Status: available
Supervisor: Daniel Helm, Martin Kampel
Start: as soon as possible
Problem Statement
Automatic video content analysis is needed in many different domains such as historical film preservation or film archiving. Due to the enormous quantity of available visual media data, automatic approaches shall be used in order to find specific content in videos or create new visual representations of specific domains.
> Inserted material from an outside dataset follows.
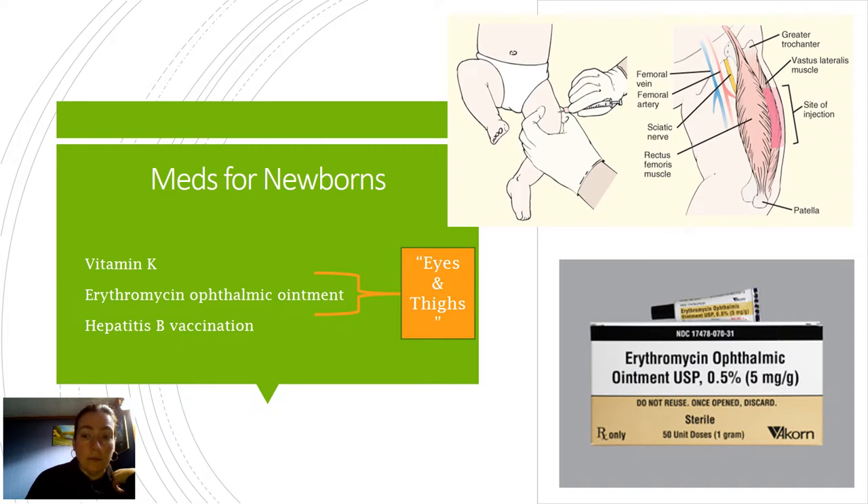So medications for newborns - the two big ones you'll probably see on your exams and boards. When you do your OB rotation and are with newborns, you'll see this is often done. The erythromycin ophthalmic ointment is most commonly done in the labor room, though sometimes it's delayed for up to an hour. Vitamin K is done within the first 24 hours. And the hepatitis B vaccination is most commonly administered while the newborn and mom are still in the hospital - we try to capture everybody as soon as possible.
A fundamental part in video content analysis and film archival is the detection of shot types such as Long Shots (LS), Medium Shots (MS) or Close-Up Shots (CU) of a person or an object of interest within one image-sequence.
The goal of this practical work is as follows:
For establishing an automatic video analysis platform, a “Shot Type Detection module”, shall be developed. This module shall be able to classify Long Shots (LS), Medium Shots (MS) as well as Close-Up Shots (CU) in given input videos.
Workflow
- Literature Review – getting to know the algorithms
- Implementation and optimization of state-of-the-art approaches
- Creation of a deployable software package
- Evaluation of implemented algorithms
- Written Report and final presentation
Requirements
Basic knowledge in computer vision
Experience in Python, C++ and Matlab
Interest in Deep Learning (Tensorflow, Keras, PyTorch) and Machine Learning
This work is part of the project “Visual History of the Holocaust”.
The practical course is part of an ongoing research project. A “Forschungsbeihilfe” is available for the selected student.